在艾蕪散文集 《漂泊雜記》(1935年4月上海生活書店出版)中,有一篇紀實散文——《舍資一夜》,千余字。寫1927年仲春,艾蕪從昆明流浪到祿豐一平浪舍資驛時,天黑找住宿無著,在點著松明火的街道小酒館喝酒時遇到一彝族中年男子 (其實是個酒罐)。男子夸下海口 “包住”,艾蕪因此還幫男子付了酒錢。結果深夜男子領艾蕪回家住宿時,因酒醉連連敲錯門,自然鬧出了些笑話。最后待男子找到了自己的家時,敲門后老婆也是嫌棄他酗酒臭罵一頓后自然也沒有給他開門,結果艾蕪和喝醉酒的祿豐彝族男子,就只好無奈在屋檐下睡了一夜。
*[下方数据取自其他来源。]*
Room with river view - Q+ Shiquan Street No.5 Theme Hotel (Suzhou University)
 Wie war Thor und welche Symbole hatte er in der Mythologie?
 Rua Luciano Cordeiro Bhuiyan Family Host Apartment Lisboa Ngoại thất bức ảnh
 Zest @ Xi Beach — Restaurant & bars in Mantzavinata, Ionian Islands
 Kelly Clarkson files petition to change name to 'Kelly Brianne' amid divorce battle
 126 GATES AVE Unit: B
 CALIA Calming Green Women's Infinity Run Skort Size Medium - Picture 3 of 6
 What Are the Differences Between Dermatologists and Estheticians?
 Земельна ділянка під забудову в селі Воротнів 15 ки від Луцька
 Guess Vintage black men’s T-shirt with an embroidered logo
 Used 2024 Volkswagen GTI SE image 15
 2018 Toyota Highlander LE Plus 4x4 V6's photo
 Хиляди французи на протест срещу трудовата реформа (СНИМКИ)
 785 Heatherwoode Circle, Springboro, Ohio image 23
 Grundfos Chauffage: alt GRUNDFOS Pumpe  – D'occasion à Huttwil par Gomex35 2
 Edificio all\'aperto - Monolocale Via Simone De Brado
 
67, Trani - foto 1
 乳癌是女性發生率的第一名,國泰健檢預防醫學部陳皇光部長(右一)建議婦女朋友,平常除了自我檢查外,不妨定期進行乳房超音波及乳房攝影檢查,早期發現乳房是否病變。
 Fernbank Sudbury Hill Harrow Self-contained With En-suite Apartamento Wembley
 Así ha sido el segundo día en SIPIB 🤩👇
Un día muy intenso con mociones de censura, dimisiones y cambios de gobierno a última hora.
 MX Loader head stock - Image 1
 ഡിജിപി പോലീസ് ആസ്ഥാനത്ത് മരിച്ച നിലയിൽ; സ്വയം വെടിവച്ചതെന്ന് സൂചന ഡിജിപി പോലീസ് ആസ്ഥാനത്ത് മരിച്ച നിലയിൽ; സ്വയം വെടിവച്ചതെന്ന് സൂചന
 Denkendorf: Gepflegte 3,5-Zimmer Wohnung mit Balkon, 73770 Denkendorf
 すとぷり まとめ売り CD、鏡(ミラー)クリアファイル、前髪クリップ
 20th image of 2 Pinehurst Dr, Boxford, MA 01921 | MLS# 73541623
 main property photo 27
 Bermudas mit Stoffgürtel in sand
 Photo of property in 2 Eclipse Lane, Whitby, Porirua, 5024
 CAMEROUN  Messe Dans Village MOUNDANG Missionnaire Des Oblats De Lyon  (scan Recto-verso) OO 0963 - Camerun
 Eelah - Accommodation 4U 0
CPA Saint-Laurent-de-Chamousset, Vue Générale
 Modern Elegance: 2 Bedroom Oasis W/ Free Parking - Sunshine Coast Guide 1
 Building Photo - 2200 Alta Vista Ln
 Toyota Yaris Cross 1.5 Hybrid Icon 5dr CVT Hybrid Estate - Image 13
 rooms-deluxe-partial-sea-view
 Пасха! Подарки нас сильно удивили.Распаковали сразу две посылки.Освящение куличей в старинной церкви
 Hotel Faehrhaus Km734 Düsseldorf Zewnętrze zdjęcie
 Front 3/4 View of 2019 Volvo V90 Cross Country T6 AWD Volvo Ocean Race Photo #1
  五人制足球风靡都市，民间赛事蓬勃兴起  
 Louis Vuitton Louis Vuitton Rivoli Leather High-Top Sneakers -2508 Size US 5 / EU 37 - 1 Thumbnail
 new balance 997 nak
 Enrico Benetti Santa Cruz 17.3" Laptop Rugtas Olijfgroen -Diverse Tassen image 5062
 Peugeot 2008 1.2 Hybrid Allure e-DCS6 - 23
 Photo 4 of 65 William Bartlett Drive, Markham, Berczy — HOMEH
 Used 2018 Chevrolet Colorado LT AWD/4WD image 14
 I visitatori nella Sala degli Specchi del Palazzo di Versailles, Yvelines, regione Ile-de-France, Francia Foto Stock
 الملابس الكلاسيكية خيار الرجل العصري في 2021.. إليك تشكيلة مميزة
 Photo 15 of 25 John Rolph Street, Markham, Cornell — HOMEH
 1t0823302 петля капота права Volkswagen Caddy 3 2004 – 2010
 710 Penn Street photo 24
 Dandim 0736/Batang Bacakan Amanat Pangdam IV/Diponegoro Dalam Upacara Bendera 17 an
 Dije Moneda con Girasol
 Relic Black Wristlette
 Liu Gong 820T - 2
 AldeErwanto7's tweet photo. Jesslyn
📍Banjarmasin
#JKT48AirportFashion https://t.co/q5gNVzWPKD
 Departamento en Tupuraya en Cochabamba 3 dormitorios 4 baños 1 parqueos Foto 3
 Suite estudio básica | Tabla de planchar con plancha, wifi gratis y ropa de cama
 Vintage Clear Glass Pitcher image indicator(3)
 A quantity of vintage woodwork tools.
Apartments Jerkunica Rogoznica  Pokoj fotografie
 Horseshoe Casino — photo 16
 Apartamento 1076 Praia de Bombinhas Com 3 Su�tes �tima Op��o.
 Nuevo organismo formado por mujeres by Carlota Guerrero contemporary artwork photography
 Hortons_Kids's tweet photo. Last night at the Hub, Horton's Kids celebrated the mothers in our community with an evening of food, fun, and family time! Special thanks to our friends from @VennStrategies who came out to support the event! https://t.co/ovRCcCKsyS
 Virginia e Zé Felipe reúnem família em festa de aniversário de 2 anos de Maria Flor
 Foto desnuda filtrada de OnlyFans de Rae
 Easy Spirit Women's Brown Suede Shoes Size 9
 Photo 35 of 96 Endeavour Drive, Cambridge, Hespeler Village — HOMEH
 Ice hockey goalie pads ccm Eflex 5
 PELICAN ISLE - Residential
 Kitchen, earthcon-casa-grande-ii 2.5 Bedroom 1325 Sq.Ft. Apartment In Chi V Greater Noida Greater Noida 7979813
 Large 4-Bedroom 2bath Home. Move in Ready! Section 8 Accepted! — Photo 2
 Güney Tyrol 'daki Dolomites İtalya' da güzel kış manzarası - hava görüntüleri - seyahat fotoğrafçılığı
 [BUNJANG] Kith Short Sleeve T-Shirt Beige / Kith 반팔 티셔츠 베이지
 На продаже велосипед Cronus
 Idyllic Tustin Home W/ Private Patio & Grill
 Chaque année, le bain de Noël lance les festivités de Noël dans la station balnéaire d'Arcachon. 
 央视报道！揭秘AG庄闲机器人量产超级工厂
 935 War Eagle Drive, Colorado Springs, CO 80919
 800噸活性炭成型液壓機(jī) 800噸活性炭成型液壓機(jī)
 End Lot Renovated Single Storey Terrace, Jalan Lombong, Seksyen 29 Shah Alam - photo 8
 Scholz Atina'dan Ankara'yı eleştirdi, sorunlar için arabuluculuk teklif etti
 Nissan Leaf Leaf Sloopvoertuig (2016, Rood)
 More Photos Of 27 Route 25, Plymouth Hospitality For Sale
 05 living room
也是在艾蕪散文集 《漂泊雜記》中,艾蕪寫了一個唱著鎮南州 (今南華縣)歌謠的中年男人,這篇 《走夷方》的紀實散文,最初發表于1934年1月16日上海 《申報》 “自由談”欄目上。文章開頭作家這樣寫道:
“男走夷方,女則居孀;生還發疫,死棄道旁。聽著暫時聚會的旅伴,拖起漫長的聲音,在唱鎮南州人唱的歌謠時,輕煙也似的憂郁,便悄悄地繞在我的心上了。跟著他拐下山坡的那一陣,簡直是缺乏了走路人應有的力氣。”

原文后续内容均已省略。